The 2015 edition of Earth Hour is upon us this Saturday, March 28th. The event, organized by the World Wildlife Federation, was first held as a "lights off" event in Sydney, Australia in 2007. Since then Earth Hour has grown to include over 7000 towns and cities around the world including many in southern Quebec. The idea behind the event is to raise awareness to the fragility of the planet. For one hour between 8:30 and 9:30pm local time where you live, you are asked to turn off all non-essential lights as a symbol of your commitment to the planet. Outside of the 1 hour, there are many more ways you can help all year long. For more information visit www.earthhour.org. Earth Hour is held in late March to coincide with the changing of the seasons in the Northern and Southern Hemispheres.
The forecast for the upcoming few days in Montreal looks rather tranquil.

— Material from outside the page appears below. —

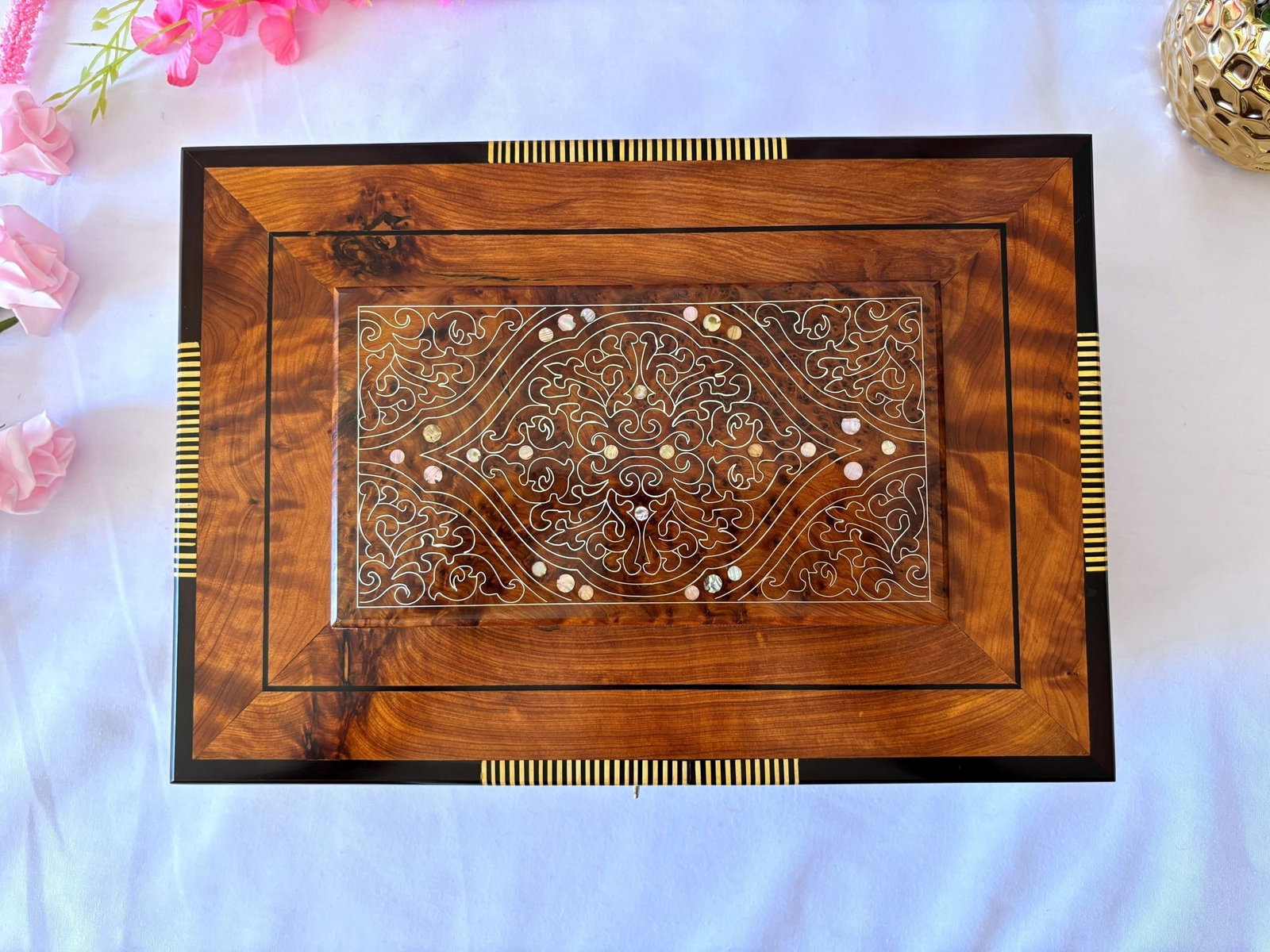 Lockable Thuya Burl Wood Jewelry Box - 7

Clouds and flurries today will linger into the overnight across southern Quebec with perhaps a dusting to 1cm in places. Temperatures will remain below normal for the weekend with highs at the freezing point Saturday, and cold overnight lows around -10C (14F). On Sunday high pressure will briefly clear skies out for a sunny day with the mercury responding and reaching 4C (39F). By Monday another cold front and weak area of low pressure will produce showers or flurries with a high of 7C (45F).
|Tornado on March 25, west of Tulsa, Oklahoma. (Twitter Photo @TwistedSkyMedia)|
March had been a record quiet month for severe weather across the US. As a matter of fact the extreme cold this winter had limited severe thunderstorm development this year with no tornado fatalities reported through March 25. That all changed Thursday as several storms swept across the southern plains including Oklahoma with large hail, strong winds and tornadoes. Once again Moore, Oklahoma was hard hit with widespread damage in several neighborhoods. Two fatalities were reported in Oklahoma with the Moore tornado estimated to be an EF-2 by the National Weather Service.